Déjà, il me semble important de répondre à cette question. Lucie a deux ans et semble être en pleine période d’opposition. Qu’est ce que c’est? Vers deux/trois ans les enfants rentrent dans une phase intensive où ils sont en opposition au quotidien avec les personnes qui prennent soin d’eux. Attention, ça ne veut pas dire qu’ils ne vous aiment pas. C’est seulement une nouvelle façon pour eux de pouvoir s’exprimer, s’émanciper et devenir autonome.

En effet, si on regarde, les enfants sont dépendants des adultes pour tellement de choses ! Ils vivent au quotidien de nombreuses frustrations. On les fait patienter, ils n’arrivent pas toujours à obtenir ce qu’ils désirent et se voient même parfois échouer à quelque chose qu’ils essayaient de faire d’eux mêmes. Ils essaient donc, dans cette période là, de s’affirmer en tant que personnes à part entière. Et pour se faire, ils n’ont pas beaucoup de moyens en leur possession. Et c’est pour ça que le « non » est idéal.

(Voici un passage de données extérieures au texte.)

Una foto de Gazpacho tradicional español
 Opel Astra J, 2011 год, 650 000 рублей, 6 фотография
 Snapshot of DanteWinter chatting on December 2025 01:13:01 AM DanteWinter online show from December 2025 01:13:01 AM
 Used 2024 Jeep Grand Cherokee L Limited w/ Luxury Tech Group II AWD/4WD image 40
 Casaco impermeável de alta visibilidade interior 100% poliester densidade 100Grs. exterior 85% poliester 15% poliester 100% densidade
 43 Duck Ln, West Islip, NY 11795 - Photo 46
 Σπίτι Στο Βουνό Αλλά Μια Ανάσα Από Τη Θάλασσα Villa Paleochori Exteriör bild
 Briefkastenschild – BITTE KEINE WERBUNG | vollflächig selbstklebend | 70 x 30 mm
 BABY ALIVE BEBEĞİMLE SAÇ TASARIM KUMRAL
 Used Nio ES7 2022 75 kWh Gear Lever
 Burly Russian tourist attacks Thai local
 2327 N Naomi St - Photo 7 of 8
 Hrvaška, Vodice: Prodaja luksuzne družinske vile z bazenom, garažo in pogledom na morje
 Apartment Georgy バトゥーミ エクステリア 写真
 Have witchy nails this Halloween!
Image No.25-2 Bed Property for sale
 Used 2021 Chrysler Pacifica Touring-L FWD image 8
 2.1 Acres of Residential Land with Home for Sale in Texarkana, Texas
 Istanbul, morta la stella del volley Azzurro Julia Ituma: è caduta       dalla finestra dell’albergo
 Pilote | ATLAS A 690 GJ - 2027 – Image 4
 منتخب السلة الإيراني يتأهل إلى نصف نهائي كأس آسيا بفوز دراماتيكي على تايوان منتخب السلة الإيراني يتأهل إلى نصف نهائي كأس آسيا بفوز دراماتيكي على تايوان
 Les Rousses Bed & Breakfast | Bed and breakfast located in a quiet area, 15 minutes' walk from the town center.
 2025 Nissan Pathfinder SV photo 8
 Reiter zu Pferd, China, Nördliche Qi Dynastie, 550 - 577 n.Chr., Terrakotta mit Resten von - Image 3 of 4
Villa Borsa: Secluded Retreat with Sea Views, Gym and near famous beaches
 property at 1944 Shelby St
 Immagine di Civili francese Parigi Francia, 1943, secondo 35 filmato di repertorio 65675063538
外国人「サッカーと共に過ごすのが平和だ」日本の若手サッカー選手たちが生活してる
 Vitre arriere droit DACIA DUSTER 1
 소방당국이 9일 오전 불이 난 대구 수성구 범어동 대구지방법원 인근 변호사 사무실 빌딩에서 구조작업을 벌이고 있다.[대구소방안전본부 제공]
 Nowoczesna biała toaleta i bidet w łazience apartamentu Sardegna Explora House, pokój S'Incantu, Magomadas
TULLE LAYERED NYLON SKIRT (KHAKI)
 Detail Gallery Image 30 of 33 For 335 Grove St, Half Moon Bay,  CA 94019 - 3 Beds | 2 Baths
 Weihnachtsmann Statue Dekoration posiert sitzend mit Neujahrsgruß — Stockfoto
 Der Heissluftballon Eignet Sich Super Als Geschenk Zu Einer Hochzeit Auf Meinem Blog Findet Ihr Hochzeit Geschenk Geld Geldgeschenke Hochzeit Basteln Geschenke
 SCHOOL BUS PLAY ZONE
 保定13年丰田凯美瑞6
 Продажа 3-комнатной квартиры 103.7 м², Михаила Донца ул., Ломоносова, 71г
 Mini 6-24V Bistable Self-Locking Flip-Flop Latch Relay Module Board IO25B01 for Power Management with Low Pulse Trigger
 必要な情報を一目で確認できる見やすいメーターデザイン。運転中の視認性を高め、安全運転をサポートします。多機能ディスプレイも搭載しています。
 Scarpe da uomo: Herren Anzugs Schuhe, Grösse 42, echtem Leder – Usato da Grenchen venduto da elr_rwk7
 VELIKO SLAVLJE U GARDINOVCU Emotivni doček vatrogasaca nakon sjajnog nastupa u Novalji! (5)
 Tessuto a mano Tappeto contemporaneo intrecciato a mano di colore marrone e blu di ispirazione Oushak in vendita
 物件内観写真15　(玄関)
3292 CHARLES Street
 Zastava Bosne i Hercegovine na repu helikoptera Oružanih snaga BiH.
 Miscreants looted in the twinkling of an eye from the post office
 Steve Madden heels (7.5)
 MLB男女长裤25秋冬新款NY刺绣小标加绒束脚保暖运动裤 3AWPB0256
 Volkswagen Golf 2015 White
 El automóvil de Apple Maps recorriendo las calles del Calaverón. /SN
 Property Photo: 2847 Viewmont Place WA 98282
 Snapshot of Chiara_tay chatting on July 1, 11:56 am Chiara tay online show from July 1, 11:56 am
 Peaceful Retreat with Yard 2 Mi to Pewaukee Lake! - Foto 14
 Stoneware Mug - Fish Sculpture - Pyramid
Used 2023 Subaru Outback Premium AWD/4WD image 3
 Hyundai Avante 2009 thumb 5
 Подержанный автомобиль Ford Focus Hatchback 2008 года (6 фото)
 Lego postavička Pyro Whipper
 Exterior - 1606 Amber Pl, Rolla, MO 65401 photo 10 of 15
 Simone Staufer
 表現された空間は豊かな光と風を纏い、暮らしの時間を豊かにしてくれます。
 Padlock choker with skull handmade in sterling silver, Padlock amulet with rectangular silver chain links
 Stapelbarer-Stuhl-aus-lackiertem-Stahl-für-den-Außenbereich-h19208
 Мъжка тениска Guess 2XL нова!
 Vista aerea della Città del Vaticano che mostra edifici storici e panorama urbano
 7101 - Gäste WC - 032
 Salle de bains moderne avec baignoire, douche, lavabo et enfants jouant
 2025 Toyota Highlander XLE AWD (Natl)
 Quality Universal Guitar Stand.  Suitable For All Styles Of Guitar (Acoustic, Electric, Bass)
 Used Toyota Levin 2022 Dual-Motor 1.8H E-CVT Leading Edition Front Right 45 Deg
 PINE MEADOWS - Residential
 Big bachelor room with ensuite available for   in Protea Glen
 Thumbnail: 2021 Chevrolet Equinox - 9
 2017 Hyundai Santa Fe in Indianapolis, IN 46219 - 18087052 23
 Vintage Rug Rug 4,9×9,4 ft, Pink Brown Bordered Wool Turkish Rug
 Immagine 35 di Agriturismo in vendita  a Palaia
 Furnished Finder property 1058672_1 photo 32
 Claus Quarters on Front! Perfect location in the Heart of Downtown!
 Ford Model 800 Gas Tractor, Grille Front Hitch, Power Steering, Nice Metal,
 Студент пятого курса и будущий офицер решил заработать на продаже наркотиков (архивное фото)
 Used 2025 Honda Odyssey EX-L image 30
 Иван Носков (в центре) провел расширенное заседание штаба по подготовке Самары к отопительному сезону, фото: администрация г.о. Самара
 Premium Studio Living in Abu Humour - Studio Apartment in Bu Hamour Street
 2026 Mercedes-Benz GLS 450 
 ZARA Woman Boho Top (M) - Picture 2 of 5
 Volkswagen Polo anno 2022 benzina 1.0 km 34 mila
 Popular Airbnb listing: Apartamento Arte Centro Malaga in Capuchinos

En revanche, il n’y a pas que ce « non ». Il peut aussi crier alors que vous ne le voulez pas. Il peut toucher des choses interdites. Ou décider de ne plus marcher pour vous obliger à vous arrêter. Bref, il réagit de manière impulsive pour exprimer toutes les sensations qui sont en lui. Et ses réactions sont souvent des marques d’opposition vis à vis de vous.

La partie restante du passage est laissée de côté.